Algerian musician who immigrated to Turkey: Who is Juanito?
In the 1970s, when the arrangement fashion faded away and was replaced by the "Anatolian Pop" movement, he went to France in 1971 and started working as a taxi driver. While there, he contracted throat cancer in 1981 and lost his voice.
Juanito is a French musician of Algerian origin, born in Tunisia in 1936. Many European musicians went to Turkey in the 1960s, when Turkish pop music began to emerge. Some of them only gave a few concerts and left, some of them also recorded Turkish records in Turkey, and some of them stayed there for short and long periods. One of those who stayed for a long time was Juanito.

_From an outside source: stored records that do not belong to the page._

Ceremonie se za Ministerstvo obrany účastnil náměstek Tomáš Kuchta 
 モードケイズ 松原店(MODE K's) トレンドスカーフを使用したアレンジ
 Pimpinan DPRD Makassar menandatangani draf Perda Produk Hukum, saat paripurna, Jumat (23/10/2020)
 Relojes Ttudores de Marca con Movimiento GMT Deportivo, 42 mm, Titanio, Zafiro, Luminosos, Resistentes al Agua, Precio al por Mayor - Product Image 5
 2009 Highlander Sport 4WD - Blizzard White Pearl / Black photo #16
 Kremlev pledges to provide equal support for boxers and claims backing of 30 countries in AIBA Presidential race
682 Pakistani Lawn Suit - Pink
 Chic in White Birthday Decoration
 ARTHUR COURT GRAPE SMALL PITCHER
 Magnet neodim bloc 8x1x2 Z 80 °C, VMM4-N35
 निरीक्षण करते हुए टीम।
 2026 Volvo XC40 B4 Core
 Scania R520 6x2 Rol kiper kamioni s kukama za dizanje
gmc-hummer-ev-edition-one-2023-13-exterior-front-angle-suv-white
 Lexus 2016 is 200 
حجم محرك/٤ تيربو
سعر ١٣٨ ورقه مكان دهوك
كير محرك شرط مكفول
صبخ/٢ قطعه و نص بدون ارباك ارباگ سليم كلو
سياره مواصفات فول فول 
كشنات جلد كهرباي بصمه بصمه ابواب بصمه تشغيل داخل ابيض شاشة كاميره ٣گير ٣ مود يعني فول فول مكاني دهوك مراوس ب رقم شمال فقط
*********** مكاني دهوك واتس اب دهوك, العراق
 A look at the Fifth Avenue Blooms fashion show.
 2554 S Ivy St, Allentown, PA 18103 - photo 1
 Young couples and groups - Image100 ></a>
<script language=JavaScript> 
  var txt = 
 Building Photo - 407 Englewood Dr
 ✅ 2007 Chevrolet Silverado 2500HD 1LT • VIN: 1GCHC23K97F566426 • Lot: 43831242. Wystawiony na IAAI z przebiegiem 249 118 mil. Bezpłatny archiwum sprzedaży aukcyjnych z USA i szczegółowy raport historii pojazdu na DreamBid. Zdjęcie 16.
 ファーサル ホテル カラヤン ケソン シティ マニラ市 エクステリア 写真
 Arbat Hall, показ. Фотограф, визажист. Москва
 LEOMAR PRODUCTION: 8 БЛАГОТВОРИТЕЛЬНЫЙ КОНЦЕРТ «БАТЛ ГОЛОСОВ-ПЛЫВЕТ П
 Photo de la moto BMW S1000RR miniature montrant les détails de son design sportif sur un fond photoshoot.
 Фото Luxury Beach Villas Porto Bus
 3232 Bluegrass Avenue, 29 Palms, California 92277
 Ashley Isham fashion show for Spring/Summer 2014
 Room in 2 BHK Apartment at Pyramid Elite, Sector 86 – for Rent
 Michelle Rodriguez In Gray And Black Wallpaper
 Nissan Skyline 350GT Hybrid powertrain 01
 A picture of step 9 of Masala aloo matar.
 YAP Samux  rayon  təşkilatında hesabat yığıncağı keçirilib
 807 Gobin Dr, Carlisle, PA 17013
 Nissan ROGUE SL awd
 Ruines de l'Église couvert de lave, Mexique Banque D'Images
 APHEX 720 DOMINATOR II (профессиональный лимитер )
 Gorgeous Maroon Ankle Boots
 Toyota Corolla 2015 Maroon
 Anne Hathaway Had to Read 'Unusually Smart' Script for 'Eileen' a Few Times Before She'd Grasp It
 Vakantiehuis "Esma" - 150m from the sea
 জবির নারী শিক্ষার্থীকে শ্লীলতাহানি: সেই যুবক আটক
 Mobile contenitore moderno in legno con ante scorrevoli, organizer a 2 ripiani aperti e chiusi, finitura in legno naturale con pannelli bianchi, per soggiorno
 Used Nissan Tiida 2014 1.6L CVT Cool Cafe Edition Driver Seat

Juanito, who first went to Izmir for 2 weeks with the Los Alcorson ensemble in October 1965 and started working at the Mogambo club, chose to stay in Turkey when his orchestra returned to Spain three months later.
The singer, who learned Turkish in a short time, considered this country as his second home. Juanito, who is a sympathetic person, has gained a wide circle of friends in Turkey. He recorded many European songs, especially those written in Turkish by Fecri Ebcioğlu and Ümit Yaşar Oğuzcan, with his soulful voice.
His first single, "The Guardian", was a Ramon Cabrera composition. On the back of the record was an arrangement called "You Are My Friend's Love" (In Turkish, Arkadaşımın Aşkısın). This was the Turkish version of Enrico Macias' composition "La Femme de Mon Ami". His records have sold hundreds of thousands of copies and his concerts have been packed. He settled in Istanbul upon the offer he received from Fahrettin Aslan, Turkey's "King of Music Halls" at that time. In the 1970s, when the arrangement fashion faded away and was replaced by the "Anatolian Pop" movement, he went to France in 1971 and started working as a taxi driver. While there, he contracted throat cancer in 1981 and lost his voice.